The Epistles of John, by Neil Alexander (SCM, 1962, 173 pp., 12s. 6d). A simple commentary, generally along traditional lines of interpretation, useful for the nonspecialist. The author is a lecturer at Aberdeen University, and believes the New Testament is not artistic in purpose, but evangelical and hortatory.

The Royal Psalms, by Keith R. Crim (John Knox, 1962, 127 pp., $2.75). Introduces Americans to the German and Scandinavian research on the Messianic Psalms. Preceded by a discussion of the kingship idea in Israel. A valuable study.

Paperbacks

The World He Loves, by Douglas W. Thompson (Edinburgh House Press, 1962, 112 pp., 5s.). This is a presentation of the challenge of the World Missionary situation by a much traveled Methodist missionary statesman.

Tillich, by David H. Freeman (Baker, 1962, 42 pp., $1.25). Author concludes that Tillich’s thought is generally “unintelligible,” a “theological square-circle,” and “nonsense.”

The Shape of Faith, by G. Hugh Wamble (Broadman, 1962, 88 pp., $1). Brief historical sketches of the shape the Christian faith has taken in seven denominations: Presbyterian, strict authority; Baptist, Christian fellowship; Lutheran, pure doctrine; Episcopal, formal worship, and so on.

Call To a Divided City, by Otto Dibelius (Kreuz Verlag, Stuttgart, Germany, 1961, 66 pp., $.75). Addresses delivered by the bishop of Berlin to his severed diocese immediately after the erection of the Berlin wall.
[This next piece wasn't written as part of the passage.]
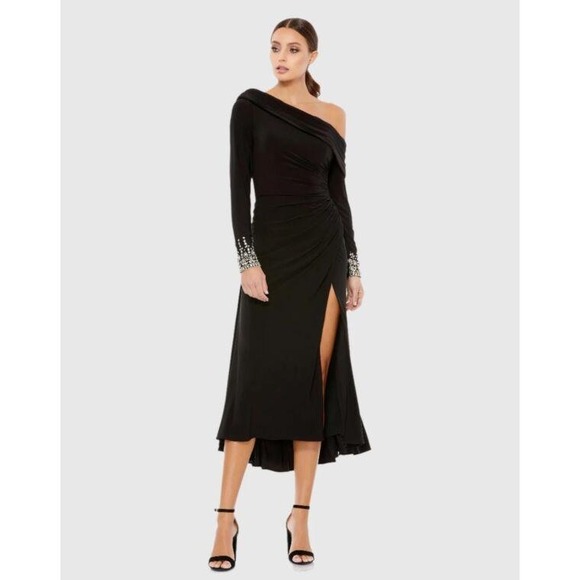 Black One Shoulder Long Sleeve Midi Dress Embellished Cuff Party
Collectivism Challenges Christianity, by Verne Paul Kaub (Light and Life, 1961, 249 pp., $1). A cry for freedom against the encroachments of collectivism. First published in 1946.

The Rites of Christian Initiation, by C. E. Pocknee (Mowbrays, 1962, 46 pp., 6s.). A tendentious High Episcopalian case exalting confirmation at the expense of baptism; originally lectures at Seabury Seminary.
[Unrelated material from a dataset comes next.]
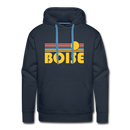 Premium Boise, Idaho Hoodie - Retro Sun Premium Men's Boise Sweatshirt / Hoodie - navy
The Speeches of Peter in the Acts of the Apostles, by H. N. Ridderbos (Tyndale, 1962, 31 pp., 1s. 6d.). Originally the 1961 Tyndale New Testament lecture by a learned Dutch scholar.
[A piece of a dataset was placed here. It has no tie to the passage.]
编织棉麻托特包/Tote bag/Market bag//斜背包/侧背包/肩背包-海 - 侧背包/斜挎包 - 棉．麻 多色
Cities and Churches, ed. by Robert Lee (Westminster, 1962, 366 pp., $3.50). A comprehensive study of the multiple problems of the inner-city church created by the mass movement to suburbia.

The Atonement, by John Murray (Presbyterian and Reformed, 1962, 31 pp., $.75). Competent explication of the Atonement as a substitutionary act.

Election and Reprobation, by James Henly Thornwell (Presbyterian and Reformed, 1961, 97 pp., $1.50). Monograph on election and reprobation according to the Westminster Confession; first published in 1840 and republished on the occasion of the Centennial of Presbyterian Church, U.S.

Limited Inspiration, by Benjamin B. Warfield (Presbyterian and Reformed, 1962, 54 pp., $1.25). Originally published in 1894 under title Professor Henry Preserved Smith, on Inspiration.

Thoughts on the Prayer Book, by J. C. Ryle (Church Book Room Press, 1962, 15 pp., 9d.). Another paperback reprint by a nineteenth-century evangelical bishop.

The Narratives of the Passion, by the Archbishop of Canterbury (Mowbrays, 1962, 26 pp., 3s.). A lecture delivered to the International New Testament Congress at Oxford in 1961 stressing the different aspects of the Passion in each Gospel.

Barth’s Christology, by Cornelius Van Til (Presbyterian and Reformed, 1962, 29 pp., $.75). Author argues to conclusion that Barth’s Christ is a “meaningless mirage” and his theology a philosophy of “egress and regress.…”

Baptism Not For Infants, by T. E. Watson (obtainable from author: Ribchester, Lancashire, England; 1962, 108 pp., 3s. 6d.). A strict Baptist attack on Paedobaptism, but without reference to most modern works.

German-English Theological Word List, Revised Edition, by Carl Bangs (Carl Bangs, 5110 Cherry, Kansas City 10, Mo.; 1962, 16 pp., $1). Good for German reader who needs help with theological and philosophical terminology.